Economists and energy analysts express disagreement against federal minister for resources Matt Canavan’s claim that Australia should invest in coal power. According to a research conducted by the Department of Industry, Innovation and Science, which was commissioned by Canavan, the country can reduce emission by 27 percent by embracing a more efficient “ultra-supercritical” technology.

But Climate Institute energy analyst Olivia Kember said such move can jeopardise longer-term commitments made in Paris. Part of these is to reach net zero emissions in the second half of the century.

“Australia has committed through the Paris Agreement to achieve net zero emissions,” Kember explained. She pointed that new coal stations that can go no further than a reduction of 25 percent to 34 percent will not achieve the net zero aim.

Instead, it would lock the land down under into decades of high-carbon electricity while other countries are switching to clean power. “That’s such a risky outcome that I doubt any financial institutions would even finance investments in ultra-supercritical coal in Australia,” Kember exclaimed.

Even Australia’s chief scientist Alan Finkel does not go with Canavan’s claim.
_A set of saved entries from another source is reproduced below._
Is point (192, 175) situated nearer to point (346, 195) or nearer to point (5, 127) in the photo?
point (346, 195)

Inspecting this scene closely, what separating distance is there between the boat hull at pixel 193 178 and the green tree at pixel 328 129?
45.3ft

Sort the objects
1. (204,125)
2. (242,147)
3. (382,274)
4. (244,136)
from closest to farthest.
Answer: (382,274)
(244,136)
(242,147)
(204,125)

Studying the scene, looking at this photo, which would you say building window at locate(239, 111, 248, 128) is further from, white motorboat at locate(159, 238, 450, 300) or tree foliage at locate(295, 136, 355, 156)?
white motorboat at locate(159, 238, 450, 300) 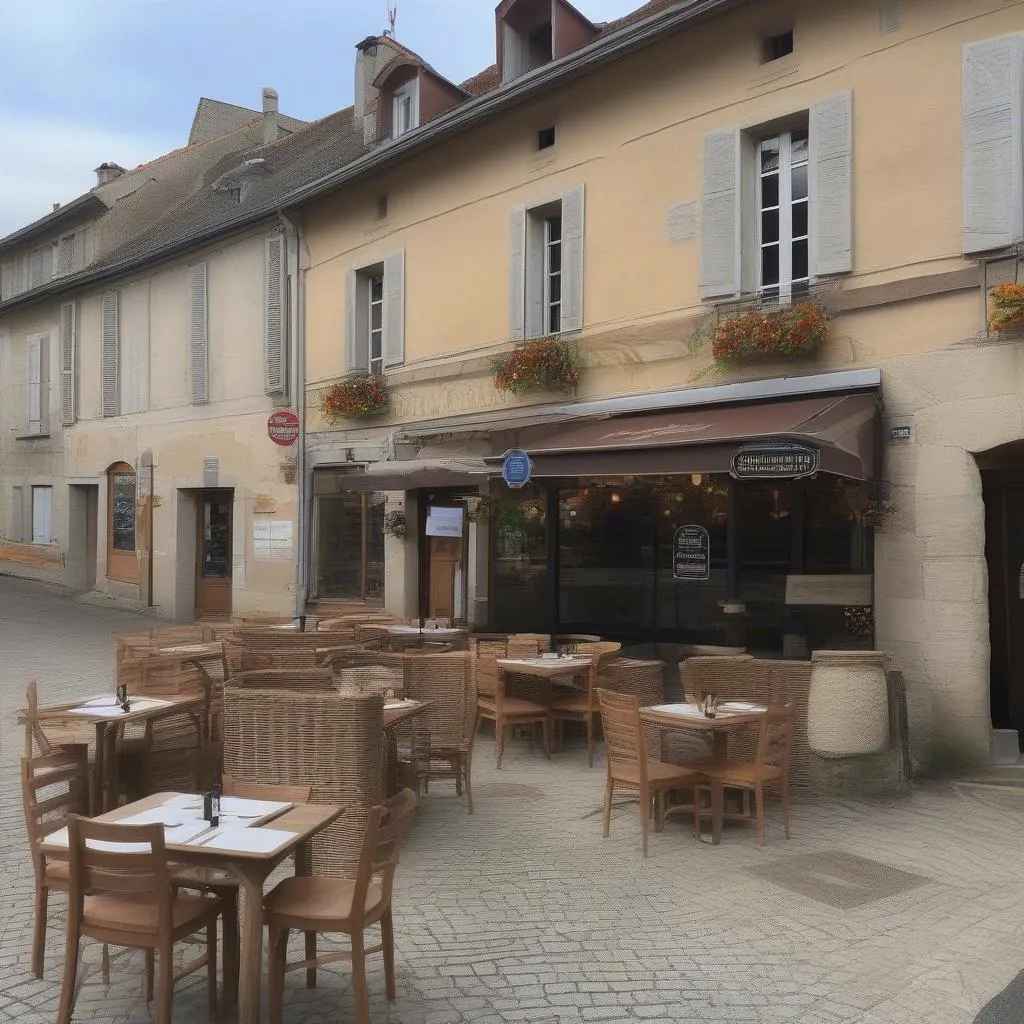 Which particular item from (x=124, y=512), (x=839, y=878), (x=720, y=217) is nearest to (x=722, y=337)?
(x=720, y=217)

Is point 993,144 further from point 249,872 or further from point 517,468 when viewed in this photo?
point 249,872

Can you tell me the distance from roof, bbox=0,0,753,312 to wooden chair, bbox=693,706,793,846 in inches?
251

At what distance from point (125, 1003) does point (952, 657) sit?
6139mm

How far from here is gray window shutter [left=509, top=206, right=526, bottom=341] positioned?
11359 millimetres

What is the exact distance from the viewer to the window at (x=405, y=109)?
44.8 feet

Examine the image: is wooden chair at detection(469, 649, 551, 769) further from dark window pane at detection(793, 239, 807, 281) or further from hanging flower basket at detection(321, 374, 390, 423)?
hanging flower basket at detection(321, 374, 390, 423)

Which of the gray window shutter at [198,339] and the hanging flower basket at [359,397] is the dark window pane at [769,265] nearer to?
the hanging flower basket at [359,397]

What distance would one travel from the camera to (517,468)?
→ 366 inches

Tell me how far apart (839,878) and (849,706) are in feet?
5.43

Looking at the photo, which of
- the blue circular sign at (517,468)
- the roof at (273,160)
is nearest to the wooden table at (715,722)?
the blue circular sign at (517,468)

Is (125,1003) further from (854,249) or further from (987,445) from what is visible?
(854,249)

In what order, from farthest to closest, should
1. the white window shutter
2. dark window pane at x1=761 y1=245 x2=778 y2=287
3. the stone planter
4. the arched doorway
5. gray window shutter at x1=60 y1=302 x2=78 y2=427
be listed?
the white window shutter < gray window shutter at x1=60 y1=302 x2=78 y2=427 < the arched doorway < dark window pane at x1=761 y1=245 x2=778 y2=287 < the stone planter

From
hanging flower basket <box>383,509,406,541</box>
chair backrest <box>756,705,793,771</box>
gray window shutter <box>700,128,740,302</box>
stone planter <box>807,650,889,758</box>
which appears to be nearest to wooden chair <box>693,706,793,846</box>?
chair backrest <box>756,705,793,771</box>

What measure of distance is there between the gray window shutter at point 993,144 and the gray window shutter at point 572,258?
4.06 m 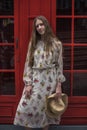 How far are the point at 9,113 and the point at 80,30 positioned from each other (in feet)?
4.65

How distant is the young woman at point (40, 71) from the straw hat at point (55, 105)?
0.08 meters

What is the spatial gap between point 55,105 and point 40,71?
1.47 ft

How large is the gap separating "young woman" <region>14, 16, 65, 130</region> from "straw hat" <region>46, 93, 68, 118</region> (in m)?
0.08

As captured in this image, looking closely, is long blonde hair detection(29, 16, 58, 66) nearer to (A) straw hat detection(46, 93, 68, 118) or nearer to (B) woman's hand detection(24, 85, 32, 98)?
(B) woman's hand detection(24, 85, 32, 98)

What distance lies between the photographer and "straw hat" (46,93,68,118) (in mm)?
6953

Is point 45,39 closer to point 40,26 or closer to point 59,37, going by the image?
point 40,26

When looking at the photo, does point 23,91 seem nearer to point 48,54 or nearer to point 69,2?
point 48,54

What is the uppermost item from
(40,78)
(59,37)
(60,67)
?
(59,37)

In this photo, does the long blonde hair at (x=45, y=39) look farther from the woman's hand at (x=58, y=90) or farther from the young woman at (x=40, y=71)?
the woman's hand at (x=58, y=90)

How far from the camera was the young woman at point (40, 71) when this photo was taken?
275 inches

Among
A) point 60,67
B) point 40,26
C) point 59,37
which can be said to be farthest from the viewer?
point 59,37

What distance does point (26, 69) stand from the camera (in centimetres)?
705

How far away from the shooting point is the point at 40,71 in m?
7.03

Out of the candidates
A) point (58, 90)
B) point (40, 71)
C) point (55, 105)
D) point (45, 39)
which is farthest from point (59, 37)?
point (55, 105) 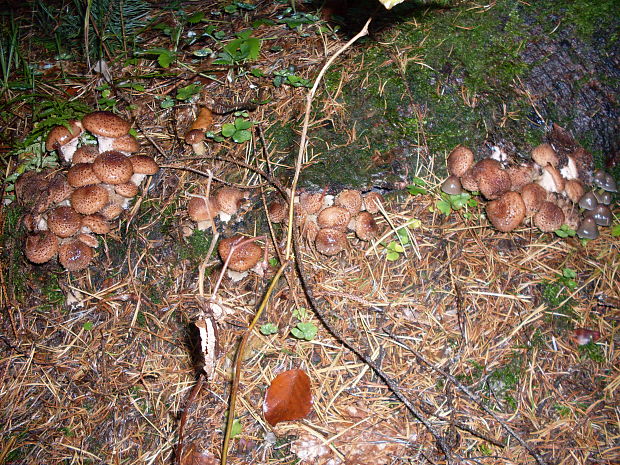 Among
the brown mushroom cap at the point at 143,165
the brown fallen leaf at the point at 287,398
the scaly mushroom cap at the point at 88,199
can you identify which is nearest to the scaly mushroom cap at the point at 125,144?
the brown mushroom cap at the point at 143,165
In his preliminary report on the future security of the electricity market, it was stated that it has been clear in their consultations that no one is contemplating investing in new ones. “Owner-investors are exiting emissions-intensive power stations as these reach the end of their design lives,” the report said.

Amid the attacks against the coal industry, Canavan released a statement to explain that coal has a significant role to play as Australia, and the rest of the world, reduce carbon dioxide emissions. He said the country has the resources to be a low-cost and efficient energy superpower. “Access to affordable and reliable power underpins our economy and is the key to long-term jobs in the manufacturing sector,” he said.